Line by line, set down all the data below exactly, omitting any picture.

**Brief descriptive captions:**
________________

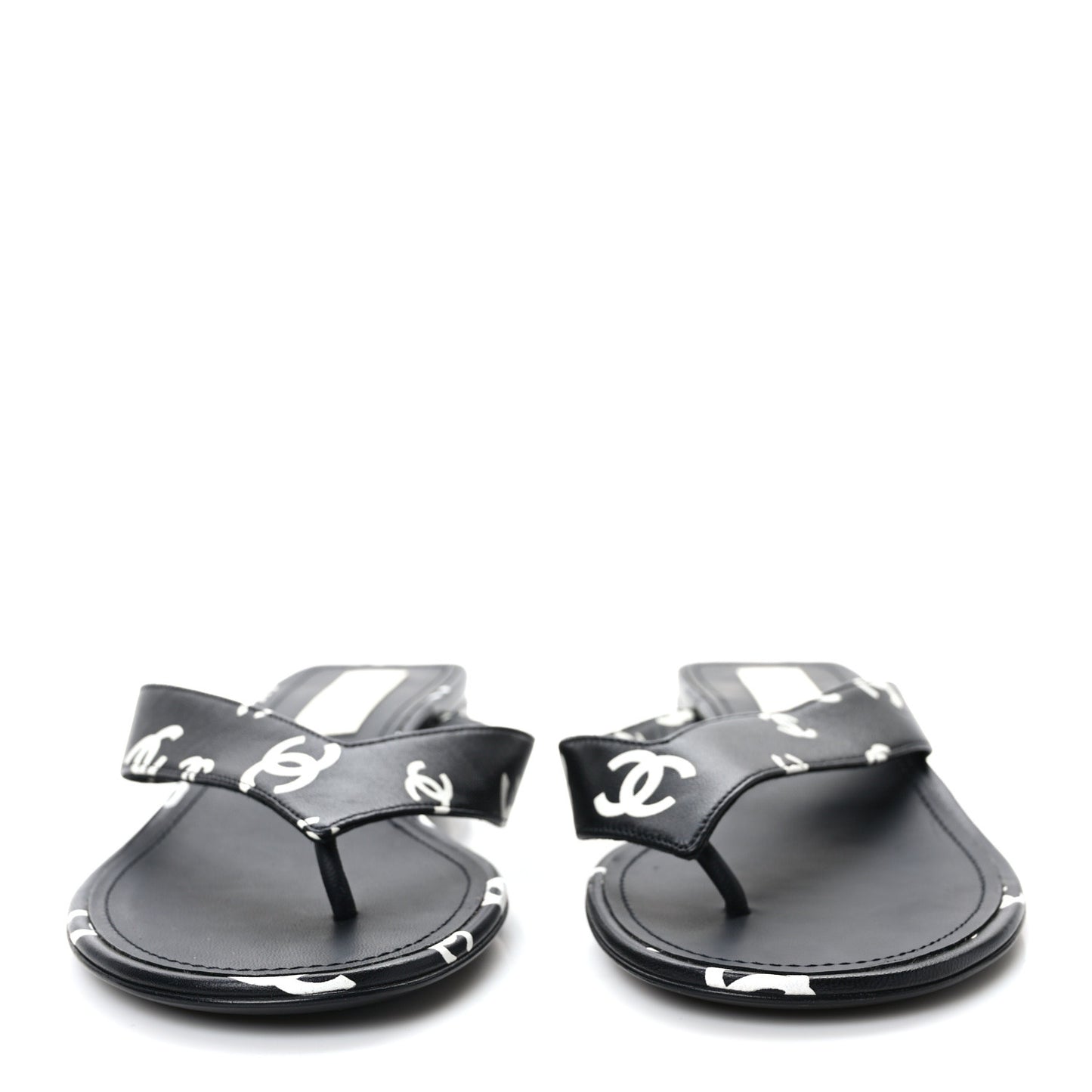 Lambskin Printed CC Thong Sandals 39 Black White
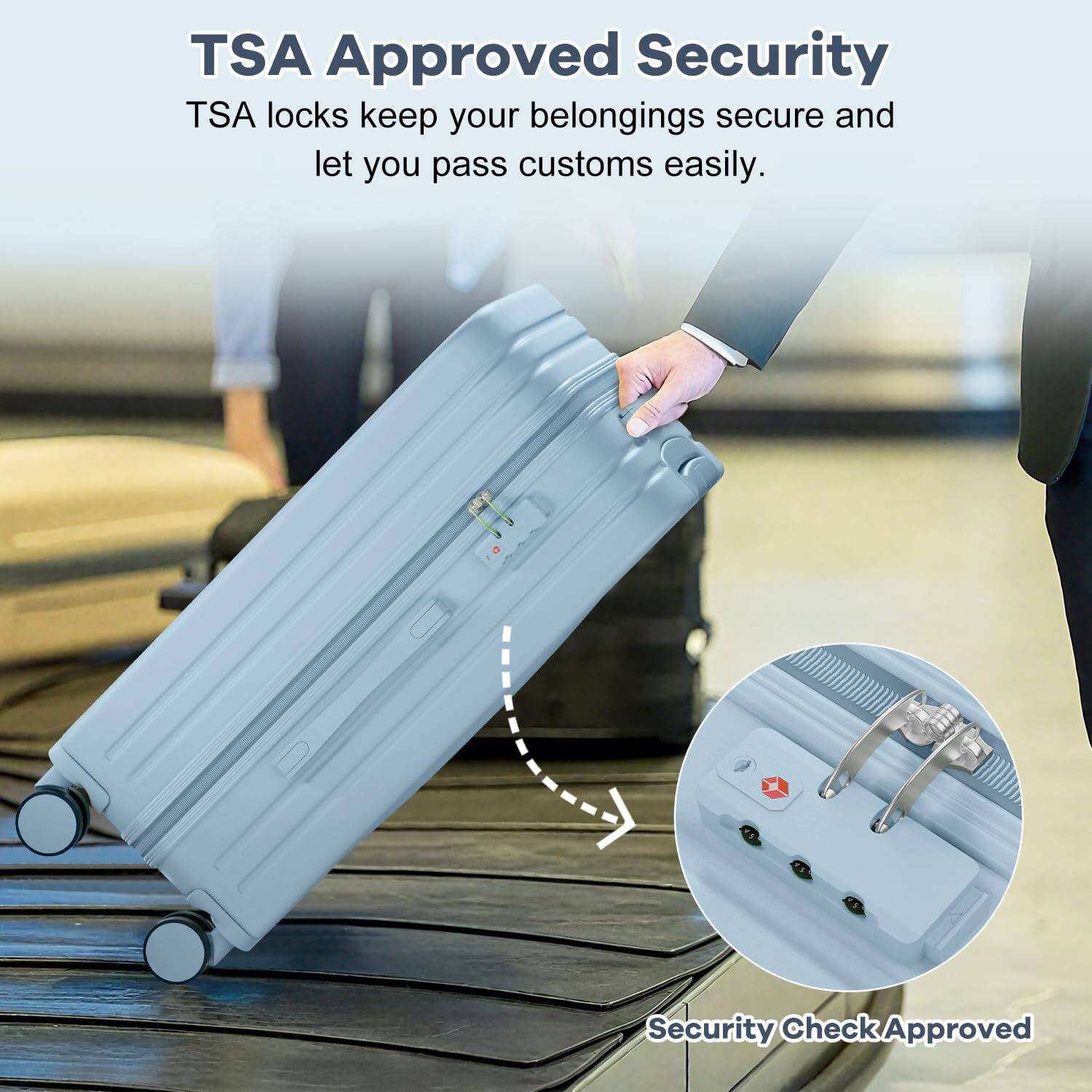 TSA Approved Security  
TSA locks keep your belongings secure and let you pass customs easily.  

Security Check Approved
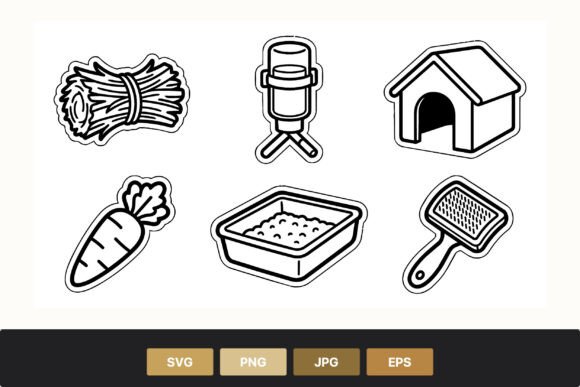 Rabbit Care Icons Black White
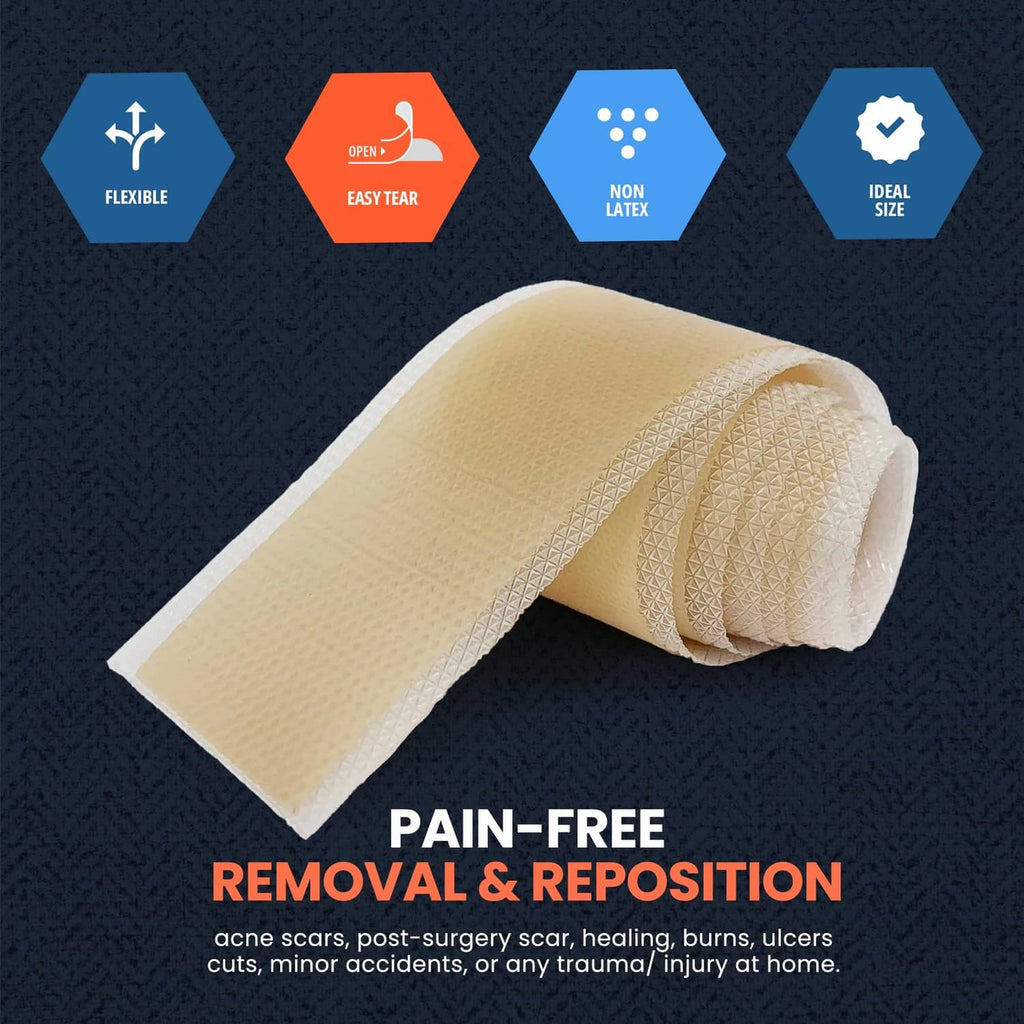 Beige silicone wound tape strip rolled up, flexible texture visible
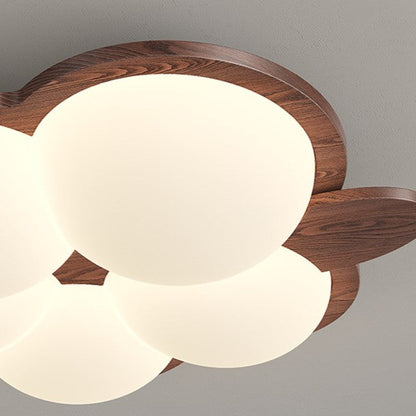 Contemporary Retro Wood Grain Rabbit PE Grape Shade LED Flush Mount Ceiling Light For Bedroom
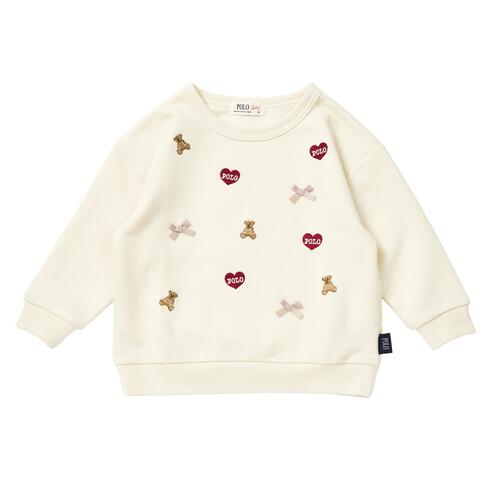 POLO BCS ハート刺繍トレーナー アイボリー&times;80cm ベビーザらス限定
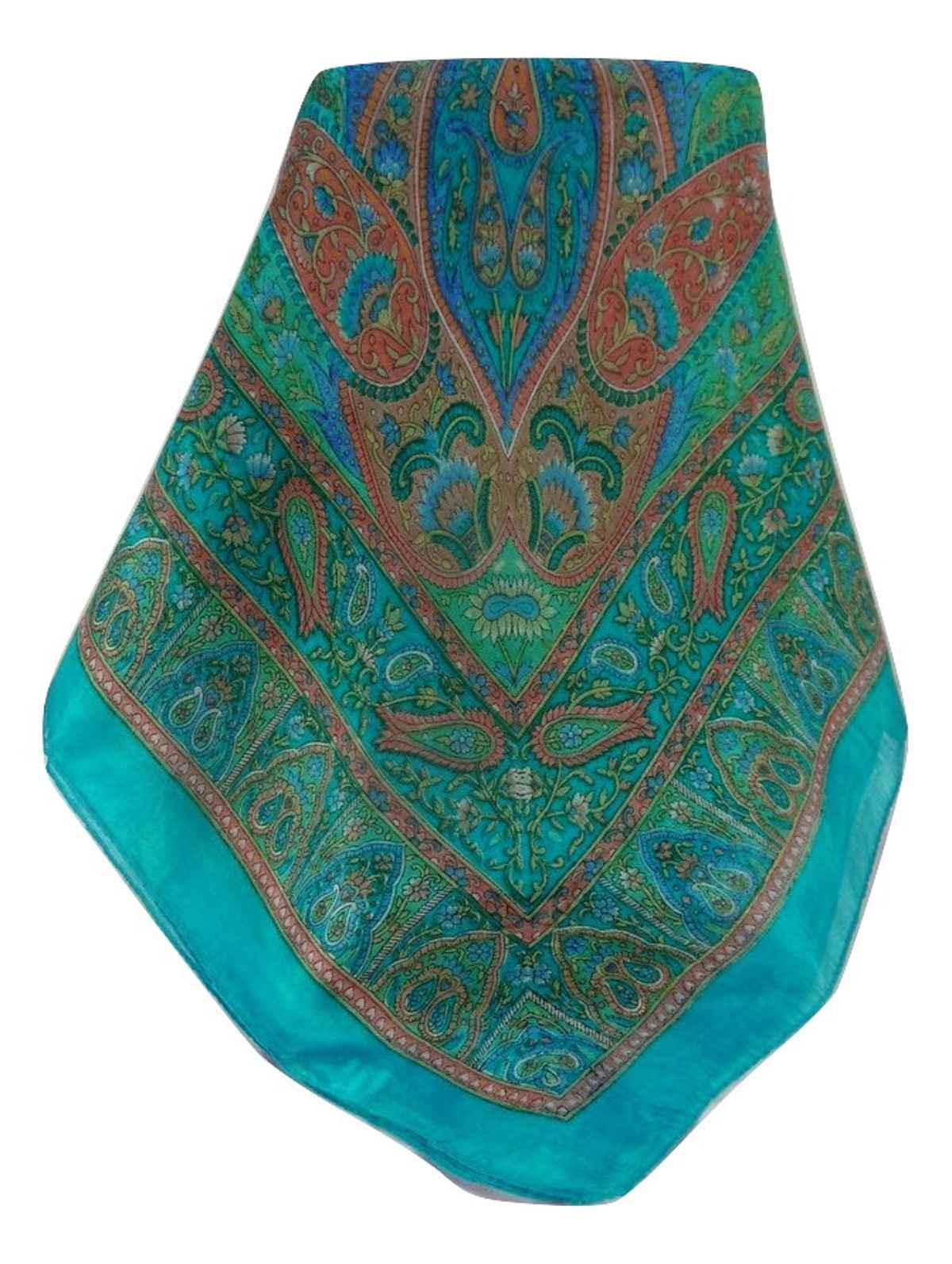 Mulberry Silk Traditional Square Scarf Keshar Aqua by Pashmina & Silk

________________

**OUTPUT OF THE EXERCISE:**
 Lambskin Printed CC Thong Sandals 39 Black White
 TSA Approved Security  
TSA locks keep your belongings secure and let you pass customs easily.  

Security Check Approved
 Rabbit Care Icons Black White
 Beige silicone wound tape strip rolled up, flexible texture visible
 Contemporary Retro Wood Grain Rabbit PE Grape Shade LED Flush Mount Ceiling Light For Bedroom
 POLO BCS ハート刺繍トレーナー アイボリー&times;80cm ベビーザらス限定
 Mulberry Silk Traditional Square Scarf Keshar Aqua by Pashmina & Silk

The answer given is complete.